I should have put a dime in center of picture as these jigs are really small. Normally buying jigs smaller than 1/32 oz rreally limits your choice as to colors and pattern.


----------



## Reel Science (Apr 8, 2004)

I really had to laugh when you mentioned "the next logical step". Isn't that so true.... you start out unhappy with stock lures or equipment, so you start making your own. Then you realize that, while what you're doing is great, you could really do a lot more. All of a sudden you're not only pouring lead and powder painting, now your taking additional steps and really making cool stuff.
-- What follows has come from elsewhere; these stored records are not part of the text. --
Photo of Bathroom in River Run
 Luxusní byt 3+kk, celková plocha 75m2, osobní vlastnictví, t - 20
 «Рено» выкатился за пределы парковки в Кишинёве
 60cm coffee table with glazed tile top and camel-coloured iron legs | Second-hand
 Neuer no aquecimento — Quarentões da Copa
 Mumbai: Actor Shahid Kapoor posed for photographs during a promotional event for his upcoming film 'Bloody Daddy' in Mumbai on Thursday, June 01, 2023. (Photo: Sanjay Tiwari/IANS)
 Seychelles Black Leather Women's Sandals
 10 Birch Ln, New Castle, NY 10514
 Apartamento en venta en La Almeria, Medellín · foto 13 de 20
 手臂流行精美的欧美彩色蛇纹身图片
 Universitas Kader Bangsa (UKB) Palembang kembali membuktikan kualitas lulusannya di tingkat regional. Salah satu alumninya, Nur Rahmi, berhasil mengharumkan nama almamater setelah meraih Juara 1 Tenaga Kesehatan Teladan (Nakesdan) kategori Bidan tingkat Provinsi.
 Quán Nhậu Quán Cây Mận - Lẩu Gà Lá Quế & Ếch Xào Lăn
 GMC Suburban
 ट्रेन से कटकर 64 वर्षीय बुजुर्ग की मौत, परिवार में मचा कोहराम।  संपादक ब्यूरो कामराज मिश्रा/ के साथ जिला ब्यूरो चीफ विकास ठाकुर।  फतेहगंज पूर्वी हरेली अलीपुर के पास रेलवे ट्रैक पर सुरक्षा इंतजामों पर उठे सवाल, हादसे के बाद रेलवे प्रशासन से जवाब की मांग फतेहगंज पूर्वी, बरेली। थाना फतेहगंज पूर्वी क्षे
The funny thing is that no matter how "logical" it all seems, you still get crazed looks from your wife or relatives that just can't understand what in the world your doing. It's a funny thing that this sport does to you.....
Travis


----------



## CRAPPIE LOVER (Feb 11, 2007)

Great looking jigs...Look's like you are getting ready for the soft water season....I realy like the feather looking ones.....Jim.....


----------



## viper1 (Apr 13, 2004)

Had to check them out! They look amazing,hopemine comes close!


----------